The entries must be restated exactly as written.

(Data under study)

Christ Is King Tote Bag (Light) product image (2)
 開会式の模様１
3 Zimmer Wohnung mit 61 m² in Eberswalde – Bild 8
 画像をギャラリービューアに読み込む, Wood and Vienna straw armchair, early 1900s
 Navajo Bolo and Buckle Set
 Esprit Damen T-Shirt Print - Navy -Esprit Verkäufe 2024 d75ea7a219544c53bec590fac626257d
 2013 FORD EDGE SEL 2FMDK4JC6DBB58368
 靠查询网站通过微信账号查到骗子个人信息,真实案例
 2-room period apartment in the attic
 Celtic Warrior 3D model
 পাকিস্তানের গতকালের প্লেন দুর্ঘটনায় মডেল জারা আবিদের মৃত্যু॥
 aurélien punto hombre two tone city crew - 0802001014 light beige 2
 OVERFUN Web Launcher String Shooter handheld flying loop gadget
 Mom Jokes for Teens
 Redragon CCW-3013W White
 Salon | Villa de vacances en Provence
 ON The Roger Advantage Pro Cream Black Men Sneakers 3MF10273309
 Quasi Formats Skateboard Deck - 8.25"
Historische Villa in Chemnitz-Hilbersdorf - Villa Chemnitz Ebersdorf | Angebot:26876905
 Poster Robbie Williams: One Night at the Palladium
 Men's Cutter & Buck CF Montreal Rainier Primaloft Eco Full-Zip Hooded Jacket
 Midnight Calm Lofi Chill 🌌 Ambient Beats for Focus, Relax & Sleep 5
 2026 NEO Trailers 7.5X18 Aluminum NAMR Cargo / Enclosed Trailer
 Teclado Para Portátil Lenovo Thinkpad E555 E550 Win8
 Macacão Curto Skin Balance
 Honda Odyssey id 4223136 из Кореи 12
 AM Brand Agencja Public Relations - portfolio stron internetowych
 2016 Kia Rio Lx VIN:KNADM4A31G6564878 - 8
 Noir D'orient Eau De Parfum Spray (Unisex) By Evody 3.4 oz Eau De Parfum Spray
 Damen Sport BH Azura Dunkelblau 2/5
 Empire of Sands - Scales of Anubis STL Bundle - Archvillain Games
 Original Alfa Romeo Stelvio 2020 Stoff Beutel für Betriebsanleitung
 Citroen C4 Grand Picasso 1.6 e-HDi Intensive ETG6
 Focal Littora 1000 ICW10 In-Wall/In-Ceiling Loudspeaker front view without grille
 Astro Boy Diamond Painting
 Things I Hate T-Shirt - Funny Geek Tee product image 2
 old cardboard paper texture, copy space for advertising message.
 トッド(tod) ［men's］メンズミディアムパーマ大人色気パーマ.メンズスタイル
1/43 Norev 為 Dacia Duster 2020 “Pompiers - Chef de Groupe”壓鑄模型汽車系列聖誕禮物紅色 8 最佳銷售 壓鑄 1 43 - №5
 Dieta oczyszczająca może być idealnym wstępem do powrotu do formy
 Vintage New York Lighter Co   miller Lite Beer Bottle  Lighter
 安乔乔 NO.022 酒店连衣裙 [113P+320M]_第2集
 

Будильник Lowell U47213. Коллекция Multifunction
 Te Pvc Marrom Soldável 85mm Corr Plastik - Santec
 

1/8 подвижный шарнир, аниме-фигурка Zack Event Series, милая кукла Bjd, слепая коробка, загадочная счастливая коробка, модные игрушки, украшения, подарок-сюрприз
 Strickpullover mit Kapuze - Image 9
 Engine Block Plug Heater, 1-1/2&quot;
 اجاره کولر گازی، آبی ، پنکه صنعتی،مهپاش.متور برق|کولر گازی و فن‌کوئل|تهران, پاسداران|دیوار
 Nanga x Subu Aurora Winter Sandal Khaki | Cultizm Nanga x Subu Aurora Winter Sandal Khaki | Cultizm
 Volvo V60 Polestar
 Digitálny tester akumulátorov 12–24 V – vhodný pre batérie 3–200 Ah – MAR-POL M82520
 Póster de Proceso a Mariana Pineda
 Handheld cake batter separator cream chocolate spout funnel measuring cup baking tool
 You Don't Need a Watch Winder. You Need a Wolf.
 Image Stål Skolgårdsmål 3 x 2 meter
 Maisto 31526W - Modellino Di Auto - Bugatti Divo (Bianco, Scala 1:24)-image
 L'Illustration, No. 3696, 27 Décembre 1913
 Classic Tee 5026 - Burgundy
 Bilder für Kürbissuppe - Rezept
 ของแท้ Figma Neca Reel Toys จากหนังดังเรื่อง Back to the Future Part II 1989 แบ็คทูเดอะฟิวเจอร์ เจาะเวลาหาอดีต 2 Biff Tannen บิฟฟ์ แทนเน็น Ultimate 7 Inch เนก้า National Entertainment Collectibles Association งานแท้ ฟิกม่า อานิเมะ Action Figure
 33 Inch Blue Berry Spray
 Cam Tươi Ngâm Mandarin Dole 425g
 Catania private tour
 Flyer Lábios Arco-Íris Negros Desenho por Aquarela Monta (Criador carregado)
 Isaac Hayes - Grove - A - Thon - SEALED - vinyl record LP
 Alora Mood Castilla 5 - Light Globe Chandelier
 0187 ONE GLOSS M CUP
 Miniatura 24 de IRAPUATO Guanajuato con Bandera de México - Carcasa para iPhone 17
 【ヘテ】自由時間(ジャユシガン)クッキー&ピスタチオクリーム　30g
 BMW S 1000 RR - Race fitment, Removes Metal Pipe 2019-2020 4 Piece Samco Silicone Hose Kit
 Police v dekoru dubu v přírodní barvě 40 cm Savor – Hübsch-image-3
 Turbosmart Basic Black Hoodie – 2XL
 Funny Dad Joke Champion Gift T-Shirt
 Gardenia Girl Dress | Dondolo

(End Data under study)

» **Problem solution**
Christ Is King Tote Bag (Light) product image (2)
 開会式の模様１
3 Zimmer Wohnung mit 61 m² in Eberswalde – Bild 8
 画像をギャラリービューアに読み込む, Wood and Vienna straw armchair, early 1900s
 Navajo Bolo and Buckle Set
 Esprit Damen T-Shirt Print - Navy -Esprit Verkäufe 2024 d75ea7a219544c53bec590fac626257d
 2013 FORD EDGE SEL 2FMDK4JC6DBB58368
 靠查询网站通过微信账号查到骗子个人信息,真实案例
 2-room period apartment in the attic
 Celtic Warrior 3D model
 পাকিস্তানের গতকালের প্লেন দুর্ঘটনায় মডেল জারা আবিদের মৃত্যু॥
 aurélien punto hombre two tone city crew - 0802001014 light beige 2
 OVERFUN Web Launcher String Shooter handheld flying loop gadget
 Mom Jokes for Teens
 Redragon CCW-3013W White
 Salon | Villa de vacances en Provence
 ON The Roger Advantage Pro Cream Black Men Sneakers 3MF10273309
 Quasi Formats Skateboard Deck - 8.25"
Historische Villa in Chemnitz-Hilbersdorf - Villa Chemnitz Ebersdorf | Angebot:26876905
 Poster Robbie Williams: One Night at the Palladium
 Men's Cutter & Buck CF Montreal Rainier Primaloft Eco Full-Zip Hooded Jacket
 Midnight Calm Lofi Chill 🌌 Ambient Beats for Focus, Relax & Sleep 5
 2026 NEO Trailers 7.5X18 Aluminum NAMR Cargo / Enclosed Trailer
 Teclado Para Portátil Lenovo Thinkpad E555 E550 Win8
 Macacão Curto Skin Balance
 Honda Odyssey id 4223136 из Кореи 12
 AM Brand Agencja Public Relations - portfolio stron internetowych
 2016 Kia Rio Lx VIN:KNADM4A31G6564878 - 8
 Noir D'orient Eau De Parfum Spray (Unisex) By Evody 3.4 oz Eau De Parfum Spray
 Damen Sport BH Azura Dunkelblau 2/5
 Empire of Sands - Scales of Anubis STL Bundle - Archvillain Games
 Original Alfa Romeo Stelvio 2020 Stoff Beutel für Betriebsanleitung
 Citroen C4 Grand Picasso 1.6 e-HDi Intensive ETG6
 Focal Littora 1000 ICW10 In-Wall/In-Ceiling Loudspeaker front view without grille
 Astro Boy Diamond Painting
 Things I Hate T-Shirt - Funny Geek Tee product image 2
 old cardboard paper texture, copy space for advertising message.
 トッド(tod) ［men's］メンズミディアムパーマ大人色気パーマ.メンズスタイル
1/43 Norev 為 Dacia Duster 2020 “Pompiers - Chef de Groupe”壓鑄模型汽車系列聖誕禮物紅色 8 最佳銷售 壓鑄 1 43 - №5
 Dieta oczyszczająca może być idealnym wstępem do powrotu do formy
 Vintage New York Lighter Co   miller Lite Beer Bottle  Lighter
 安乔乔 NO.022 酒店连衣裙 [113P+320M]_第2集
 

Будильник Lowell U47213. Коллекция Multifunction
 Te Pvc Marrom Soldável 85mm Corr Plastik - Santec
 

1/8 подвижный шарнир, аниме-фигурка Zack Event Series, милая кукла Bjd, слепая коробка, загадочная счастливая коробка, модные игрушки, украшения, подарок-сюрприз
 Strickpullover mit Kapuze - Image 9
 Engine Block Plug Heater, 1-1/2&quot;
 اجاره کولر گازی، آبی ، پنکه صنعتی،مهپاش.متور برق|کولر گازی و فن‌کوئل|تهران, پاسداران|دیوار
 Nanga x Subu Aurora Winter Sandal Khaki | Cultizm Nanga x Subu Aurora Winter Sandal Khaki | Cultizm
 Volvo V60 Polestar
 Digitálny tester akumulátorov 12–24 V – vhodný pre batérie 3–200 Ah – MAR-POL M82520
 Póster de Proceso a Mariana Pineda
 Handheld cake batter separator cream chocolate spout funnel measuring cup baking tool
 You Don't Need a Watch Winder. You Need a Wolf.
 Image Stål Skolgårdsmål 3 x 2 meter
 Maisto 31526W - Modellino Di Auto - Bugatti Divo (Bianco, Scala 1:24)-image
 L'Illustration, No. 3696, 27 Décembre 1913
 Classic Tee 5026 - Burgundy
 Bilder für Kürbissuppe - Rezept
 ของแท้ Figma Neca Reel Toys จากหนังดังเรื่อง Back to the Future Part II 1989 แบ็คทูเดอะฟิวเจอร์ เจาะเวลาหาอดีต 2 Biff Tannen บิฟฟ์ แทนเน็น Ultimate 7 Inch เนก้า National Entertainment Collectibles Association งานแท้ ฟิกม่า อานิเมะ Action Figure
 33 Inch Blue Berry Spray
 Cam Tươi Ngâm Mandarin Dole 425g
 Catania private tour
 Flyer Lábios Arco-Íris Negros Desenho por Aquarela Monta (Criador carregado)
 Isaac Hayes - Grove - A - Thon - SEALED - vinyl record LP
 Alora Mood Castilla 5 - Light Globe Chandelier
 0187 ONE GLOSS M CUP
 Miniatura 24 de IRAPUATO Guanajuato con Bandera de México - Carcasa para iPhone 17
 【ヘテ】自由時間(ジャユシガン)クッキー&ピスタチオクリーム　30g
 BMW S 1000 RR - Race fitment, Removes Metal Pipe 2019-2020 4 Piece Samco Silicone Hose Kit
 Police v dekoru dubu v přírodní barvě 40 cm Savor – Hübsch-image-3
 Turbosmart Basic Black Hoodie – 2XL
 Funny Dad Joke Champion Gift T-Shirt
 Gardenia Girl Dress | Dondolo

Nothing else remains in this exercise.